I am a Love Island virgin, which are three words you won’t hear together very much over the next eight weeks. I have never seen it before, and am only vaguely aware of it. That isn’t to say I’m some television snob; I’ve watched copious amounts of Big Brother. I do like I’m A Celebrity… Get Me Out of Here!. I have caught myself laughing at Mrs Brown’s Boys. I even saw The Chase once.

But somehow, Love Island has been slightly beyond the periphery of my experience. I mean, I’ve never seen The Only Way is Essex, but I feel like I have. Love Island, though… my reality TV filter must be clogged, and the past three series of it have been caught up in the webbing, never really permeating even my subconscious mind.

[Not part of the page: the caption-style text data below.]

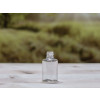 Bild DANUTA 15 ml // made of PET-G *ON STOCK* 17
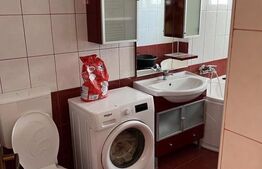 Apartament 2 camere, 45 mp, zona Mănăștur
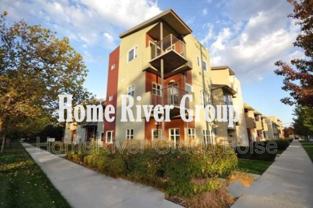 1411 W Grand Ave #201 - Photo 1 of 1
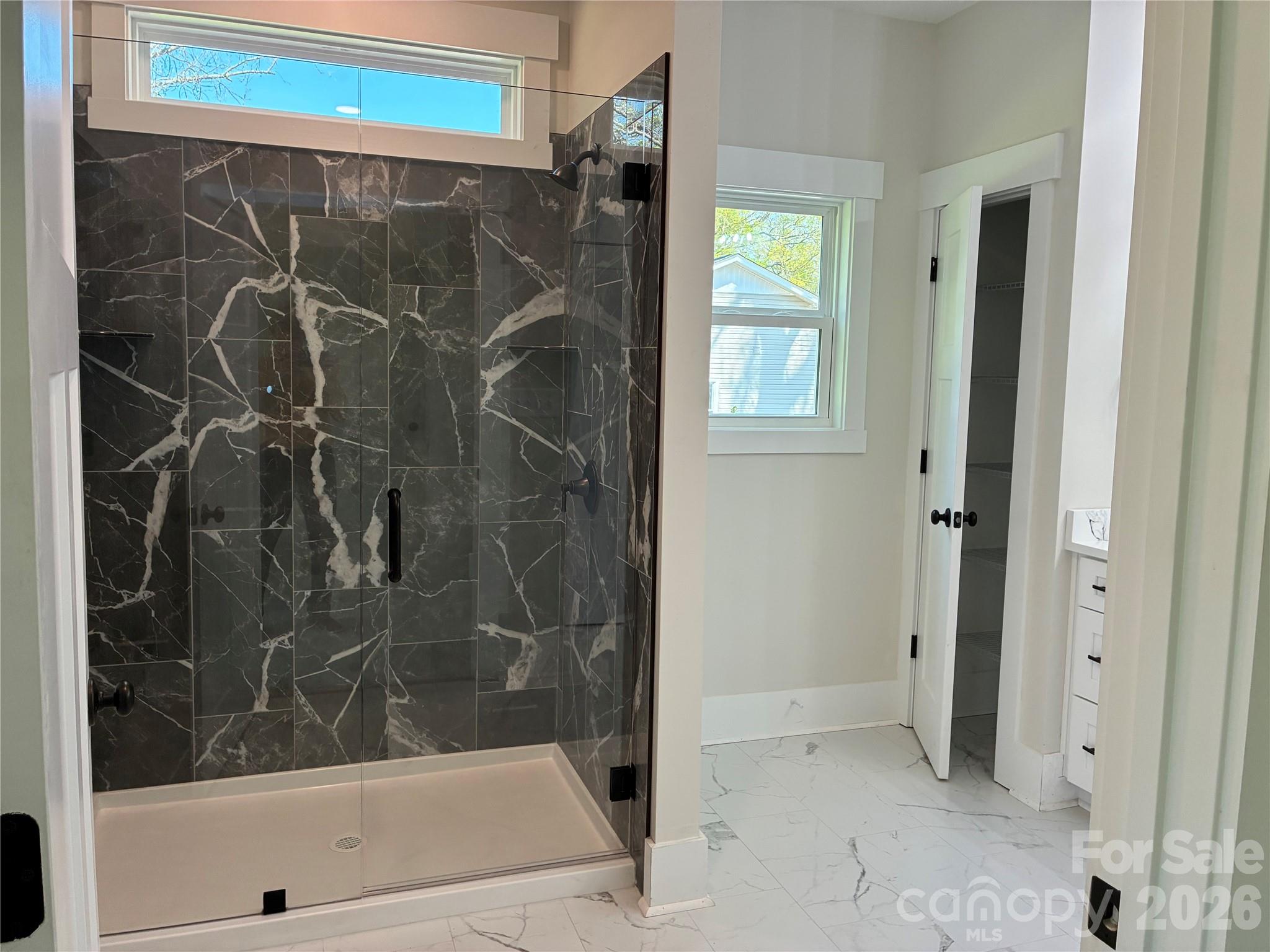 Fewell Estates - Residential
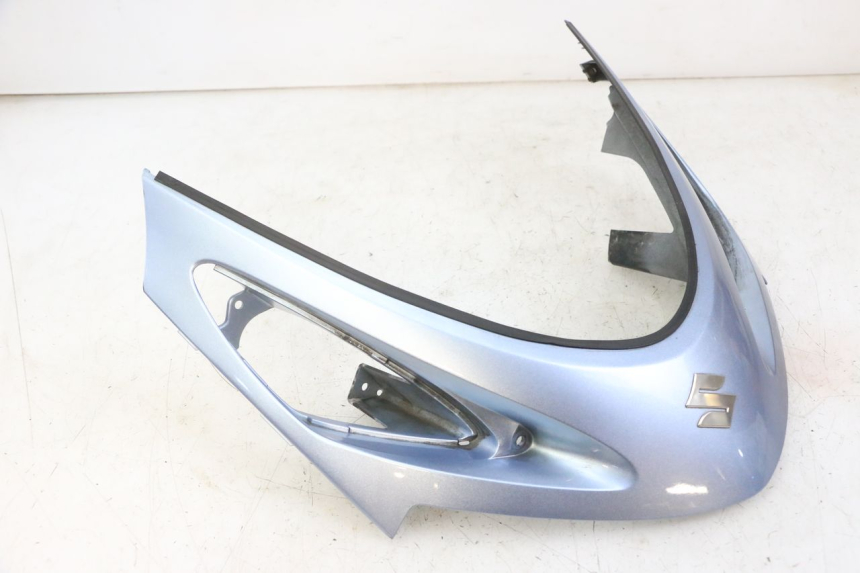 photo de FACE AVANT SUPéRIEUR SUZUKI UH BURGMAN 125 (2002 - 2006)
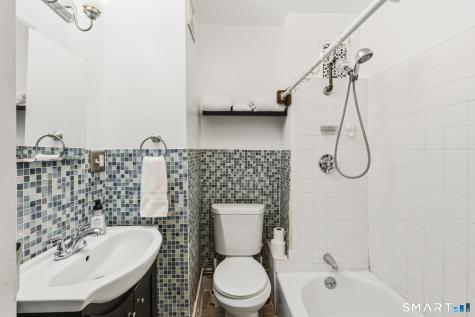 565 Orange Street New Haven CT 06511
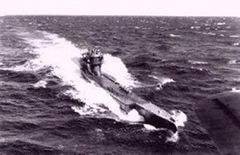 U-544.jpg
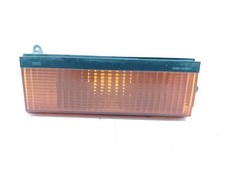 8956000100 PILOTE AVANT DROIT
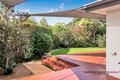 Property photo of 28B Hicks Street Red Hill ACT 2603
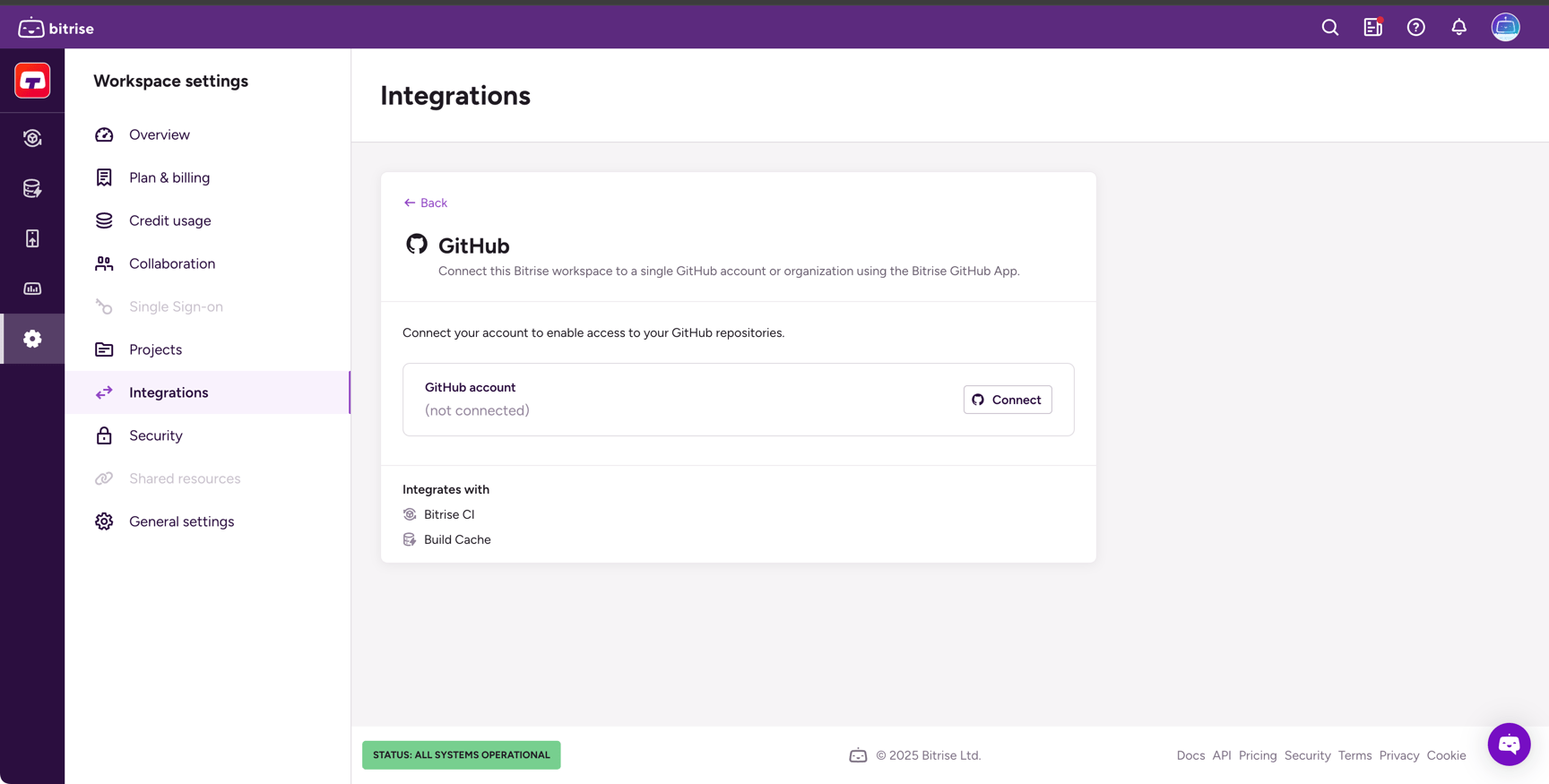 github-account-connection.png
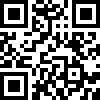 https://qudsonline.ir/xcXPr
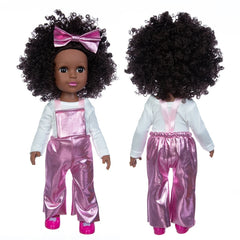 img_3046948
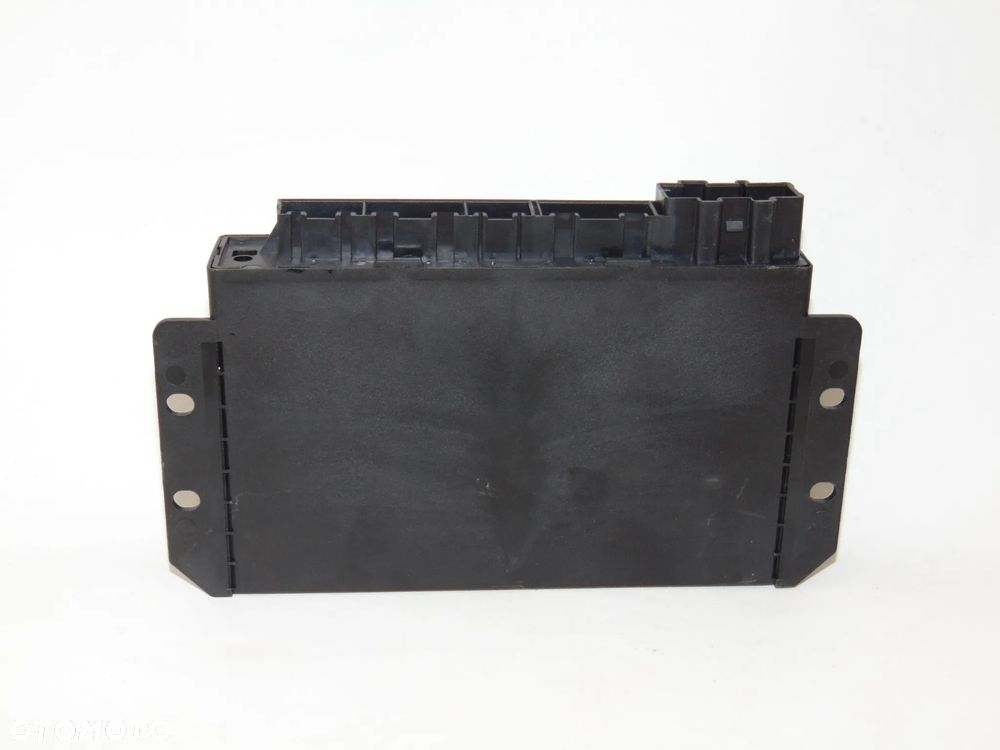 ORYGINAŁ moduł komfortu 8E0959433BP Audi A4 B7 , 04-08r - 4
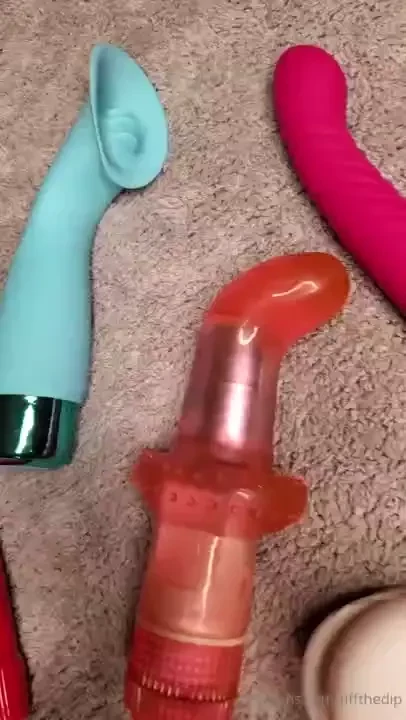 Lots of new items listed for sale on my sofia gray for any subscribers 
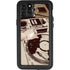 DJ Spinning iPhone 11 Pro Max Waterproof Case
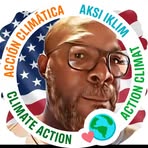 Dwayne Chestnut - Facebook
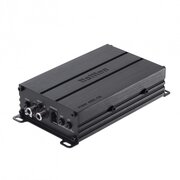  Автоусилитель Hellion HAM-450.1D 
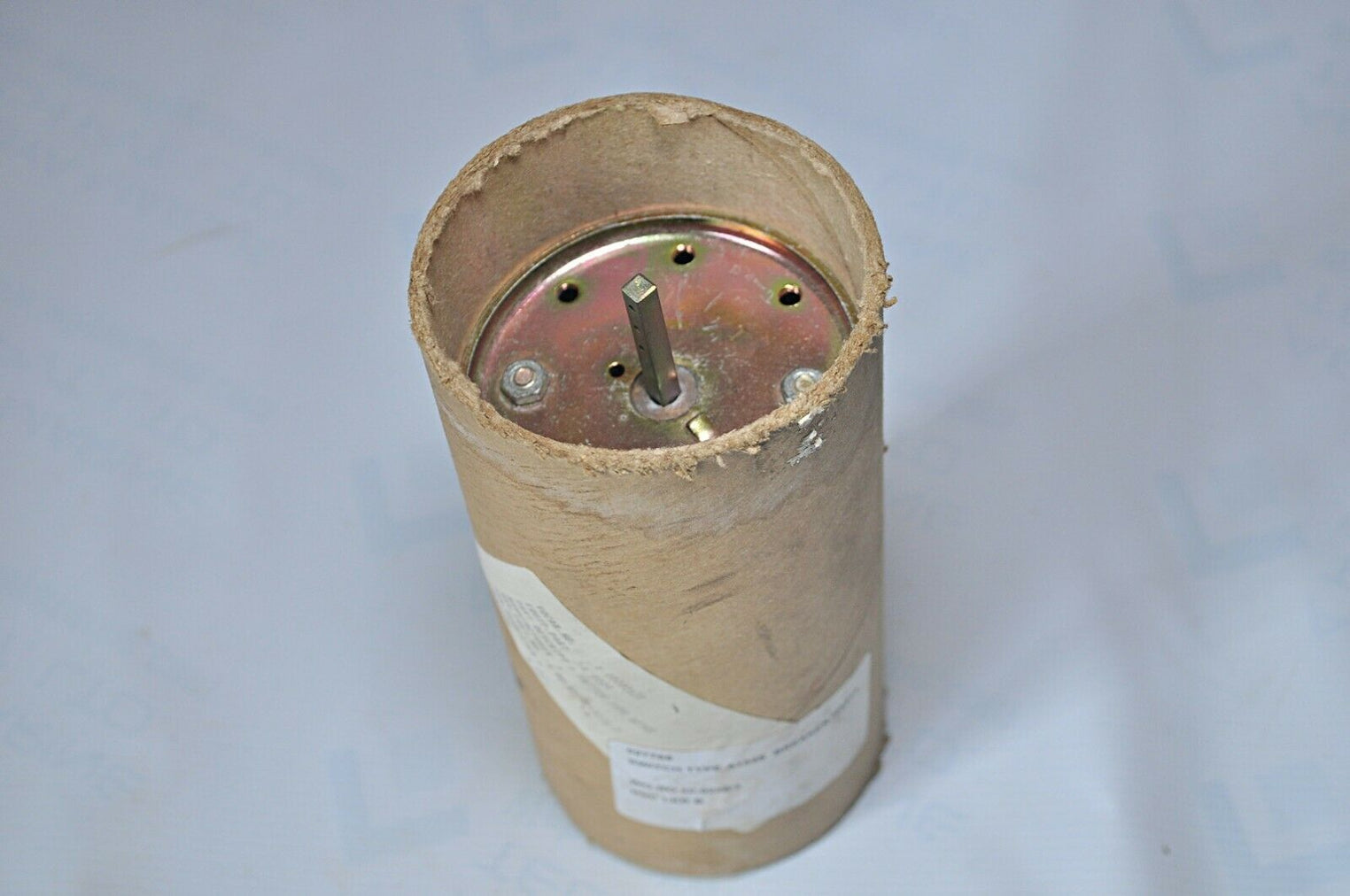 Austinlite fki a154s rotary switch 027768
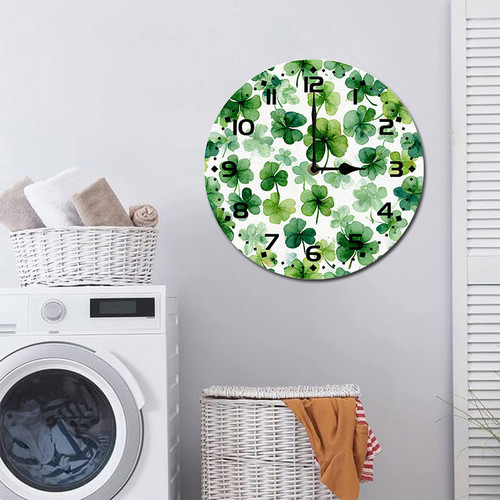 St Patricks Day Clover Elements 007 07.jpg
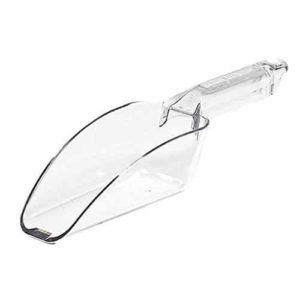 Pala Scoops 12 oz -340 gr CAMBRO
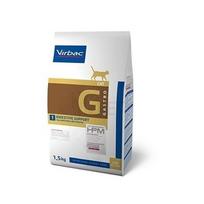 Virbac cat digestive support - 3 Kg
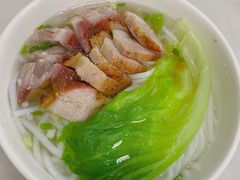-永合隆茶餐厅(海雅缤纷城店)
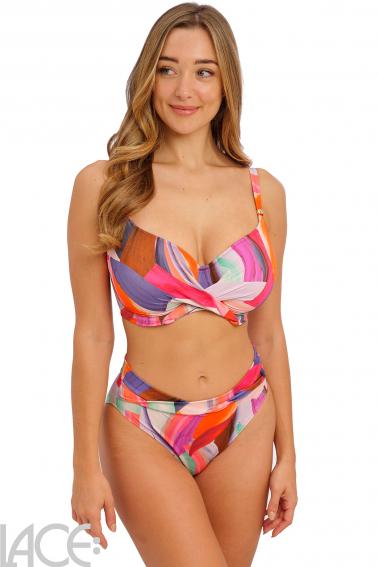 Fantasie Swim - Aguada Beach Bikini-BH H-K Cup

I have a vague idea that Love Island is some combination of castaways having to undergo Bear Grylls-style survivalist trials crossed with the sort of orgy the Marquis de Sade might have dreamed about after eating a particularly pungent cheese too close to bedtime.

So, here we are, settling in front of ITV2, my teenage daughter and I. My wife questions the wisdom of Alice encouraging me to watch a programme which, she informs me, will feature a parade of nubile young women in bikinis, as though I am a pensioner in a comedy sketch who might have a heart attack. But I am insistent; Alice and her friends have been frantically Snapchatting all evening in excitement at the prospect of series four of Love Island. This will help me get down with the kids, I am sure of it.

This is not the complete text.